> _PROBLEM REQUIREMENTS_:
Copy out the data word for word, without any of its pictures.

── COLLECTED DATA ──

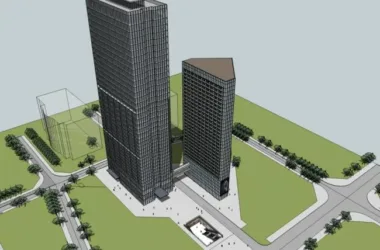 SketchUp Residential Model: Modern 39-Story High-Rise Building-BIM WORLD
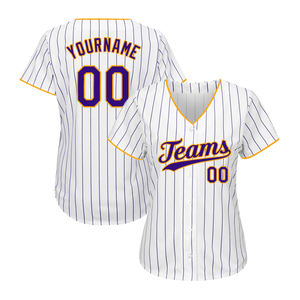 Jersey de Béisbol Personalizado Premium Blanco y Morado, Ropa Deportiva Auténtica, 100% Poliéster, Secado Rápido, Transpirable - Product Image 2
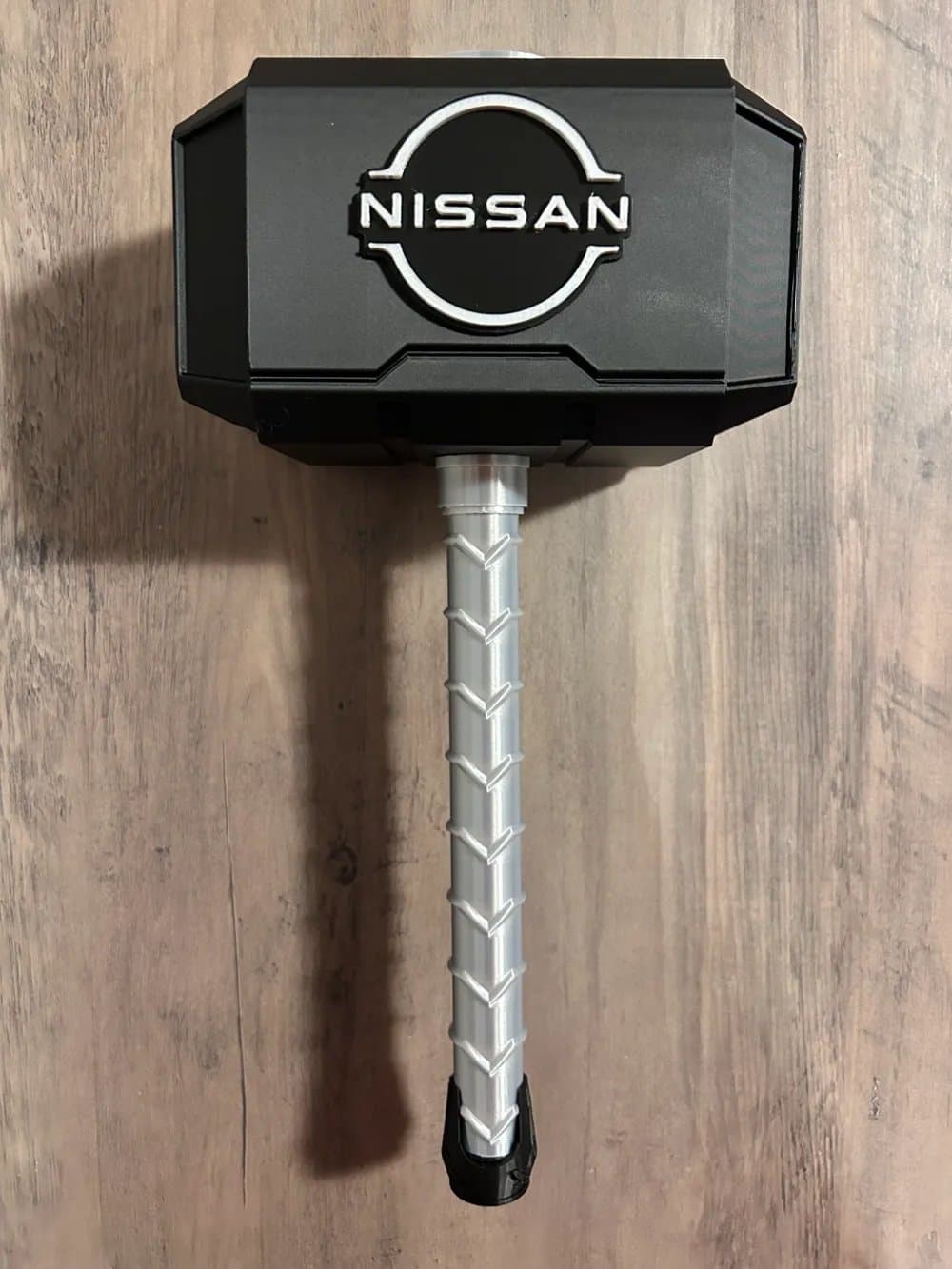 Nissan themed Mjolnir Thor's Hammer and rock stand - 3D Printed Fan Art - Image 1
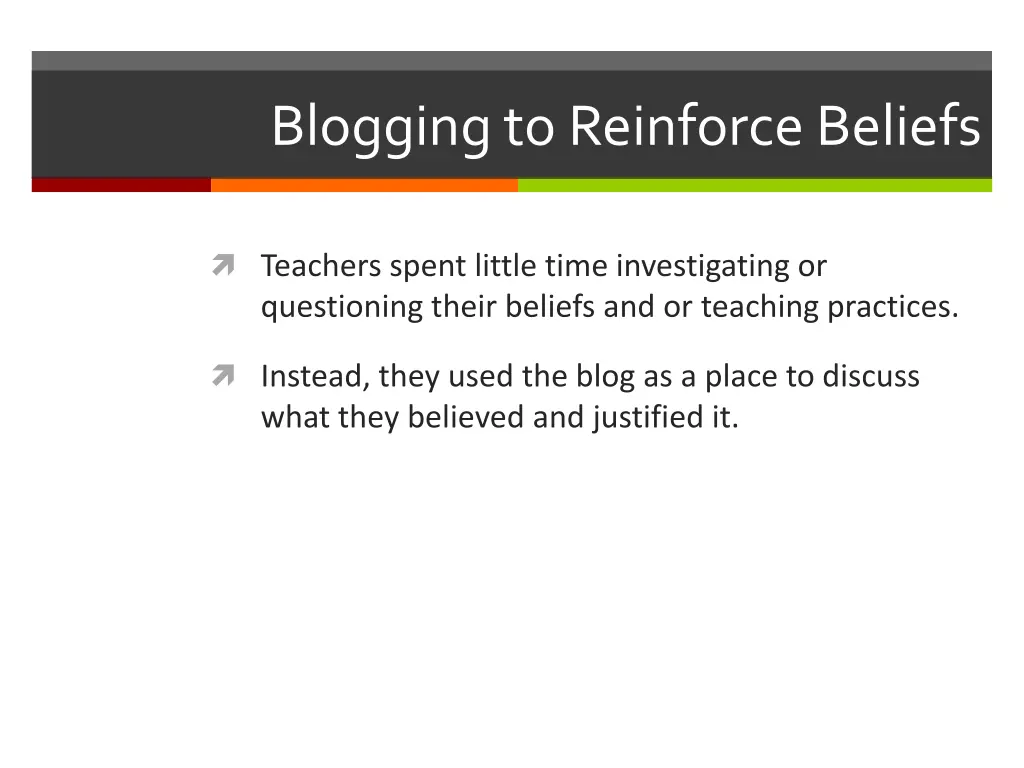 blogging to reinforce beliefs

───

> _RESULT OF THIS EXERCISE_:
 SketchUp Residential Model: Modern 39-Story High-Rise Building-BIM WORLD
 Jersey de Béisbol Personalizado Premium Blanco y Morado, Ropa Deportiva Auténtica, 100% Poliéster, Secado Rápido, Transpirable - Product Image 2
 Nissan themed Mjolnir Thor's Hammer and rock stand - 3D Printed Fan Art - Image 1
 blogging to reinforce beliefs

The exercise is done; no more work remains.